-------- INPUT DATA --------
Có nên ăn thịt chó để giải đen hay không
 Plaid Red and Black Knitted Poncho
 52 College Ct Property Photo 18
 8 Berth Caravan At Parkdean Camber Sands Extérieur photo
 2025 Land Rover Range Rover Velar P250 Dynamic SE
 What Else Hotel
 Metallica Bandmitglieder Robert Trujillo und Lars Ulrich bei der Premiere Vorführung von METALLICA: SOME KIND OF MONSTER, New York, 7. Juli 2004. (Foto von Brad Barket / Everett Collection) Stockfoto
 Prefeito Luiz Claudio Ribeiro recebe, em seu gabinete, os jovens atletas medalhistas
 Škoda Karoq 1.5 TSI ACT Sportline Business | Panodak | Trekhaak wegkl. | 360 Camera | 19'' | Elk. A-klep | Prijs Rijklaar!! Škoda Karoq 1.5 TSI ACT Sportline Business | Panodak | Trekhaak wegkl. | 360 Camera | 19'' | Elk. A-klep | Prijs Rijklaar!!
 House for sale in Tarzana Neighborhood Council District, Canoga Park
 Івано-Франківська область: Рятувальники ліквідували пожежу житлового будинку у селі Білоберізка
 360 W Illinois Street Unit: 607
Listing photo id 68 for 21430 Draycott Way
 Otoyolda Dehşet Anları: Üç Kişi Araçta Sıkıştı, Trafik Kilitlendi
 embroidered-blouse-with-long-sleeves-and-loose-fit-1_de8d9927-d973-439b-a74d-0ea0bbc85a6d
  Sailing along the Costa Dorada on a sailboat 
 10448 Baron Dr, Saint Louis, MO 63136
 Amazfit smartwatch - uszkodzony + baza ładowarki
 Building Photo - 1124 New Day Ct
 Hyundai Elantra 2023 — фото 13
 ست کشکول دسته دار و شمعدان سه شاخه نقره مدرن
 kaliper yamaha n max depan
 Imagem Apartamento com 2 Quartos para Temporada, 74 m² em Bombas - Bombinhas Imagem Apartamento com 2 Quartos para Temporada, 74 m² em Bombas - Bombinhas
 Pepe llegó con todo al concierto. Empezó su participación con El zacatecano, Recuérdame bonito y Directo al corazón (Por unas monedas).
--------
> **EXERCISE INSTRUCTIONS**
Write all of the records out exactly, including every line.

> **ANSWER TO THIS TASK**
Có nên ăn thịt chó để giải đen hay không
 Plaid Red and Black Knitted Poncho
 52 College Ct Property Photo 18
 8 Berth Caravan At Parkdean Camber Sands Extérieur photo
 2025 Land Rover Range Rover Velar P250 Dynamic SE
 What Else Hotel
 Metallica Bandmitglieder Robert Trujillo und Lars Ulrich bei der Premiere Vorführung von METALLICA: SOME KIND OF MONSTER, New York, 7. Juli 2004. (Foto von Brad Barket / Everett Collection) Stockfoto
 Prefeito Luiz Claudio Ribeiro recebe, em seu gabinete, os jovens atletas medalhistas
 Škoda Karoq 1.5 TSI ACT Sportline Business | Panodak | Trekhaak wegkl. | 360 Camera | 19'' | Elk. A-klep | Prijs Rijklaar!! Škoda Karoq 1.5 TSI ACT Sportline Business | Panodak | Trekhaak wegkl. | 360 Camera | 19'' | Elk. A-klep | Prijs Rijklaar!!
 House for sale in Tarzana Neighborhood Council District, Canoga Park
 Івано-Франківська область: Рятувальники ліквідували пожежу житлового будинку у селі Білоберізка
 360 W Illinois Street Unit: 607
Listing photo id 68 for 21430 Draycott Way
 Otoyolda Dehşet Anları: Üç Kişi Araçta Sıkıştı, Trafik Kilitlendi
 embroidered-blouse-with-long-sleeves-and-loose-fit-1_de8d9927-d973-439b-a74d-0ea0bbc85a6d
  Sailing along the Costa Dorada on a sailboat 
 10448 Baron Dr, Saint Louis, MO 63136
 Amazfit smartwatch - uszkodzony + baza ładowarki
 Building Photo - 1124 New Day Ct
 Hyundai Elantra 2023 — фото 13
 ست کشکول دسته دار و شمعدان سه شاخه نقره مدرن
 kaliper yamaha n max depan
 Imagem Apartamento com 2 Quartos para Temporada, 74 m² em Bombas - Bombinhas Imagem Apartamento com 2 Quartos para Temporada, 74 m² em Bombas - Bombinhas
 Pepe llegó con todo al concierto. Empezó su participación con El zacatecano, Recuérdame bonito y Directo al corazón (Por unas monedas).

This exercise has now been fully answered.